Dr. Moritz (Don Mauricio) Hochschild was one of the most famous men in the mining industry in the first half of the twentieth century and was, along with Simón Iturri Patiño and Carlos Víctor Aramayo, one of the three so-called Bolivian tin barons. It is now known that he saved Jews during the Holocaust as well.

Hochschild was an agnostic Jew whose family had already been active in the mining industry for over a generation. After Hochschild graduated from school, he studied mining and engineering at the Freiberg University of Mining and Technology. In 1905, he began his career in the field at the large industrial conglomerate Metallgesellschaft. Later he went to Spain and Australia and then finally moved to South America to work independently. After several years in Chile, he returned to Germany and stayed there until the end of the first World War.

In 1919, Hochschild returned once again to South America with his wife, Käthe Rosenbaum, whom he had married the previous year. His son, Gerardo Hochschild Rosenbaum, was born in 1920, and his wife died four years later.

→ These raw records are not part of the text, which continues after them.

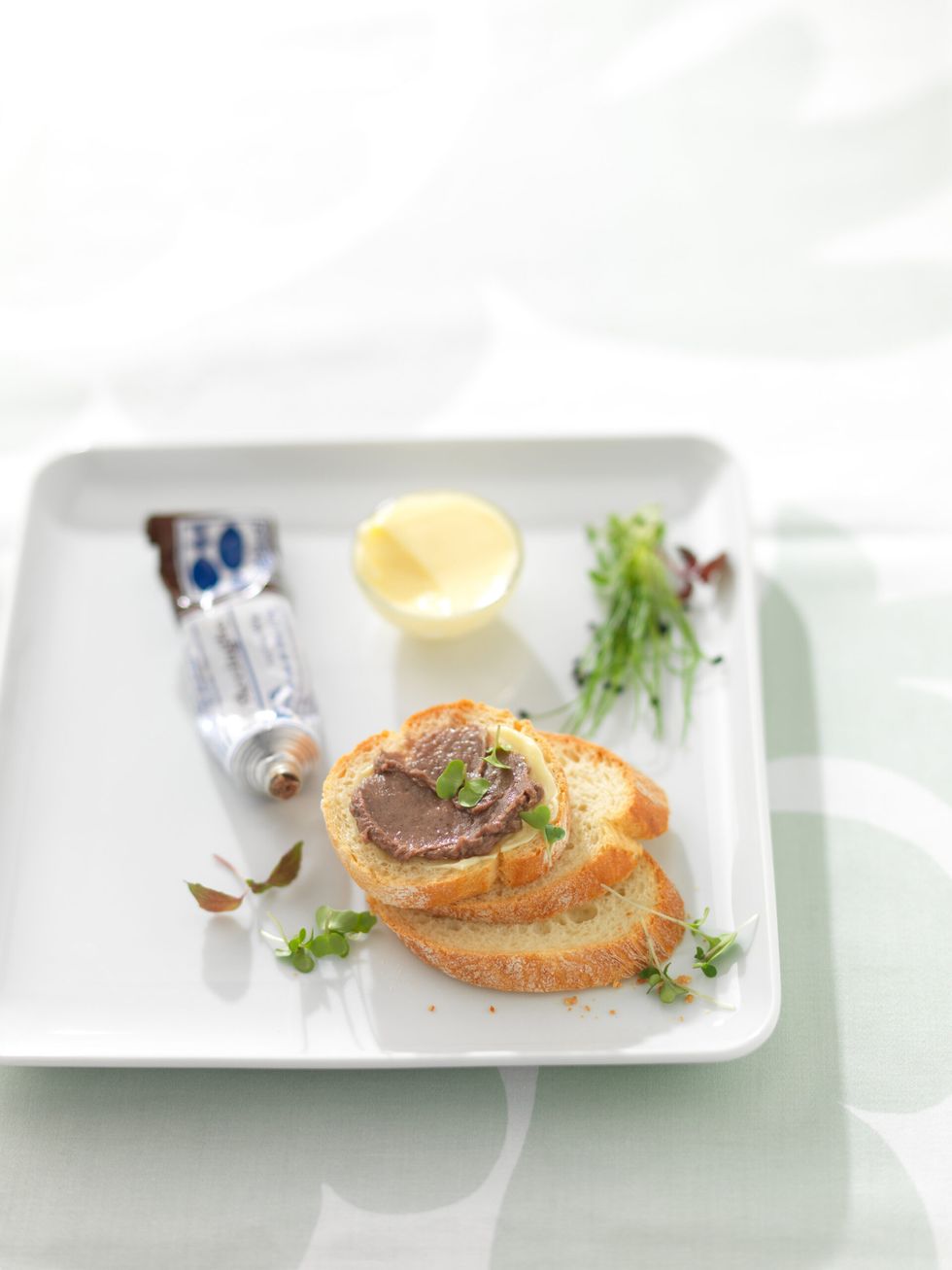 Anchovy paste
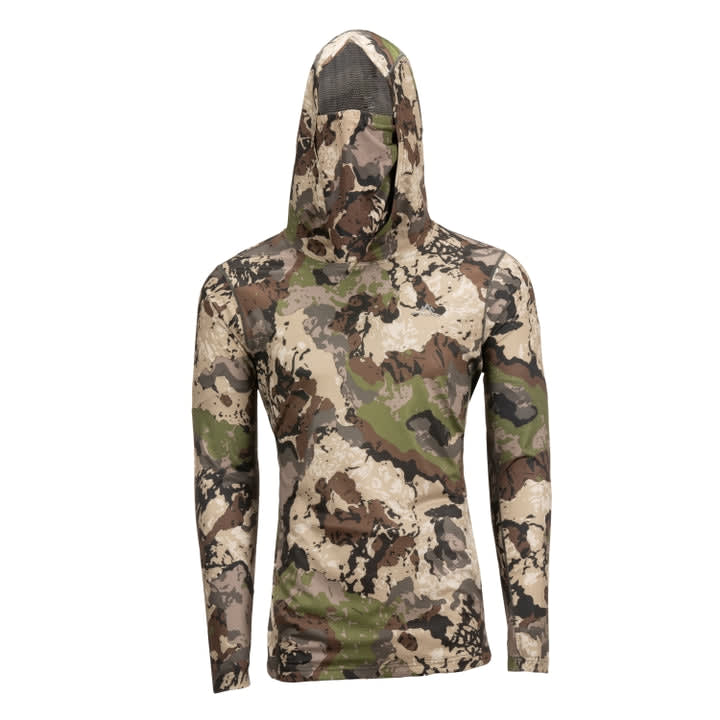 Pnuma Outdoors Renegade Hoodie Caza RG-HD-CZ, Small - Pnuma Outdoors
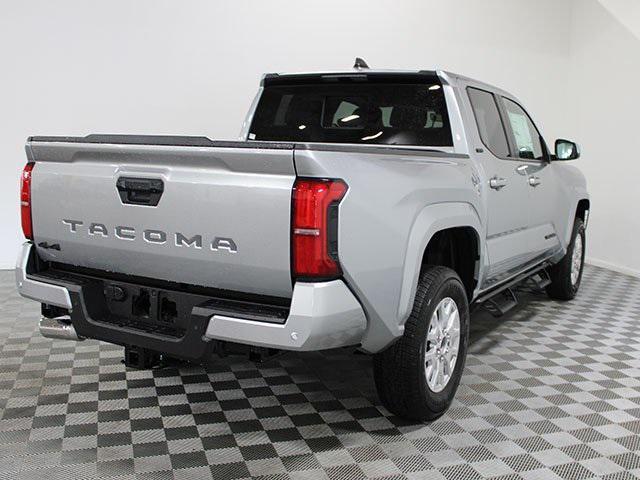 new 2025 Toyota Tacoma car, priced at $44,156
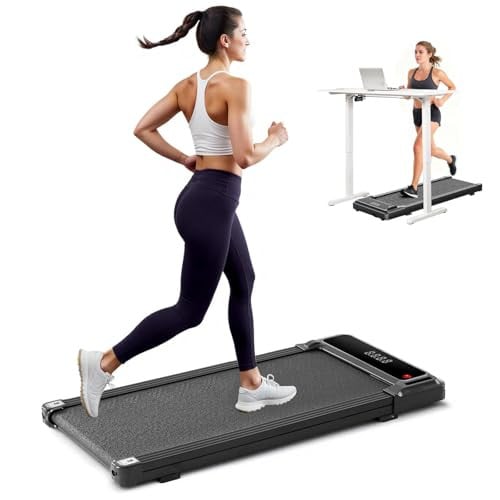 Aidoly Walking Pad Under Desk Treadmill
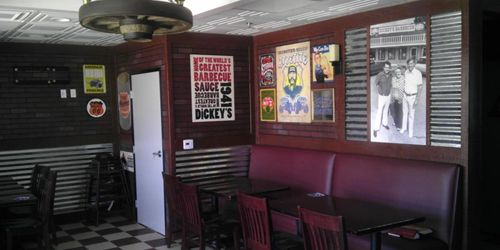 Dickey's Barbecue Pit Celebrates Grand Opening of First Los Angeles Restaurant Dickey's Barbecue Pit Celebrates Grand Opening of First Los Angeles Restaurant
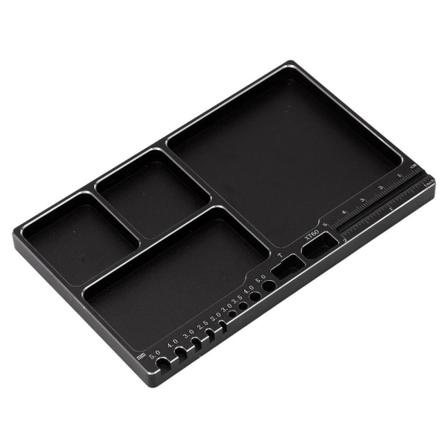 Skruebrett Magnetisk SVART Black
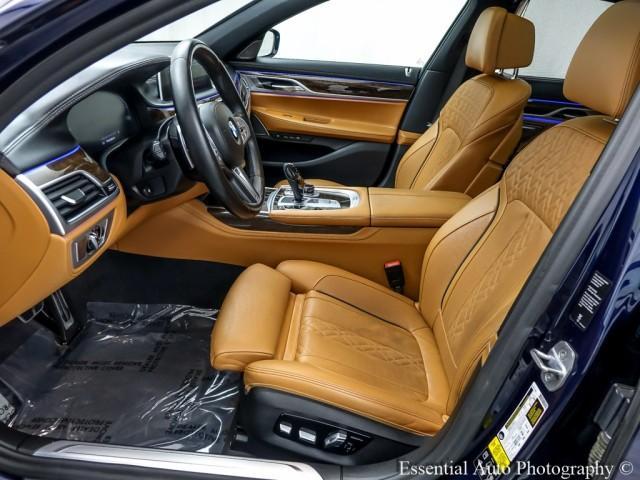 used 2020 BMW 750 car, priced at $37,995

During the following two decades, Hochschild built up an economic empire in Bolivia around the mining and trade of tin ore. His empire stretched from Peru in the north to Chile in the south. During this period of growth, more of his family followed him to South America to work for him, including his cousin Philipp Hochschild and Philipp's wife Germaine. 

The 1930s saw the peak of the Moritz Hochschild Group's economical and political influence. In 1938, using his influence with German Busch, Bolivia's military president from 1937 to 1939, Hochschild pushed Bolivia to open its doors to Jewish refugees from Hitler's Germany. An estimated 9,000 were admitted to Bolivia because of Hochschild. He also funded the transport of the refugees and their housing once they arrived in the South American country. Newspapers have called him "Bolivia's Schindler."

In both 1939 and 1944, Hochschild was arrested by the Bolivian government and sentenced to death. Just two weeks after his release following his 1944 arrest, he was captured and held by kidnappers for two weeks. After he was freed he left Bolivia, never to return.

In 1951, the Hochschilds donated the majority of their fortune to the Hochschild Trust and Foundation. In the following year, the Moritz Hochschild Group was nationalized during the Bolivian National Revolution; however, they were compensated with an allotment of 30% of the company's prior assets. The company, Hochschild Mining, grew further and expanded worldwide. In 1961 Hochschild inaugurated Mantos Blancos copper mine in Antofagasta, Chile, which became his most successful mining operation, although its best results were to come after his death.  Moritz Hochschild died in 1965 in Paris. He is the great uncle of billionaire Eduardo Hochschild, who is now the Chairman of Hochschild Mining PLC.